そしてそのまま『旦那様』に駆け寄り───
「!?ぐあっ!」
その胸ぐらを掴み、自分の後方へ力一杯引っ張った。
あまりに唐突な彼の行動に、ロードピスと『旦那様』は思考が停止してしまう。だがすぐに正気に戻った『旦那様』がイノセを睨み付ける。
「貴様…!自分の主人に向かってなんて無礼な…!」
クルルルルァァァァ!!
「…え?」
その瞬間、頭の上をなにかが掠める感覚を覚えた。
それに加えて耳に入った聞きなれない声。そして睨んだ先にいたものに、『旦那様』は驚愕することになった。
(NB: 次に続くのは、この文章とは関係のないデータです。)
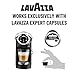 Lavazza Expert Coffee Classy Plus Single Serve ALL-IN-ONE Espresso & Coffee Brewer Machine - LB 400 - (Includes Built-in Milk Vessel/Frother)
そこにいたのはイノセと…真っ黒な小人のような、得体の知れない「何か」だった。
しかもその小人は一人だけではない。あちこちから紫色の靄が現れ、そこから次々と小人達が生まれていった。
クルルァァァ!
クルルルルァァァァ!!
「な…な…なんだこいつらは!!?」
さっきまでの余裕はどこへやら、その小人の姿を見てすっかり腰を抜かした『旦那様』は腕を杖代わりに体を起こし、尻込みをするので精一杯といった様子だった。
「何よこれ…一体何がどうなっているの!?」
傍らのロードピスも『旦那様』と同じく、目の前の惨状に狼狽えるばかり。辺りをキョロキョロと見渡しては立ちすくむしかなかった。
混乱する二人をよそに、黒い小人達を真っ直ぐ見据え、身構えるイノセ。
彼はこの小人達の姿をよく知っている。
想区の運命が歪む時に、どこからともなく現れる存在。父の遠征先や、故郷の想区に出現したものと同じものだ。
(いつかは出てくると思ってたけど、よりにもよってこんなときに…!!)
背中の痛みに苛まれながら、突如現れた小人達───ヴィラン───を前にして、心の中で悪態をつくイノセだった。